Reputation: 1538
Currently we have an Applet that interacts with our hardware and server via FTP, Sockets and HTTP messages. I have been asked if we can drop the applet and just go with a browser displaying dynamic web pages and JavaScript. I don't believe this is possible as it is my understanding that a browser can only display the response to a request that it has initiated while our application needs to display data it gets from hardware that is only sent when its sensors are tripped.
I thought of using AJAX to periodically poll the hardware but I believe the same origin security restriction will prevent me from polling different hardware devices with different addresses. I could fix this by having the various hardware devices send all updates to the server but this would force a major change to the way we are currently configured. There is also a question of performance - it is a national application with hundreds of devices generating millions of events per day. I have to be able to respond in 3 seconds so I would have to poll the hardware very frequently (1 second or less) to maintain that level of performance.

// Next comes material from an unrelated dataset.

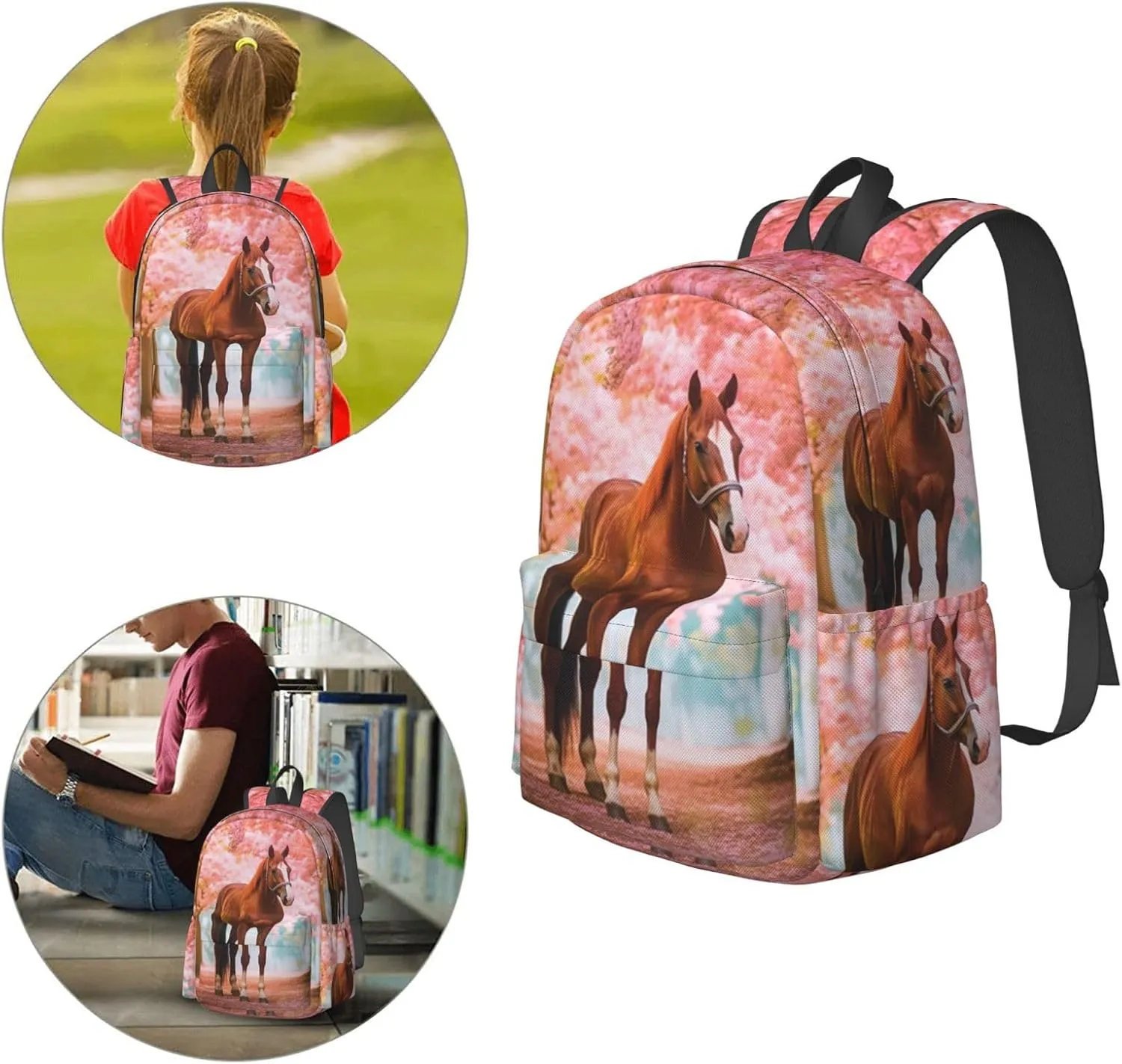 16 inch backpack 3D Horse Flowers Cherry Laptop Backpack Full Print School Bookbag Shoulder Bag for Travel Daypack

So is my understanding of web applications correct?
Is there a way for a browser to display information coming from multiple addresses?
Upvotes: 0
Views: 1388
Reputation: 340743
It is possible. First of all you are right that a browser cannot directly connect to other servers using AJAX. If these other servers are actually some hardware devices, I would call this an advantage. You need a server to receive all the traffic.
However in modern browsers and servers you can use comet, web-sockets and other techniques to push data from server to client. Basically you keep an open HTTP connection on the client and whenever server has some data, it sends it immediately without any delay. This is a major improvement compared to polling every few seconds - you avoid latency and extra load on the system.
In Java land you have servlet-3.0 and atmosphere to the rescue.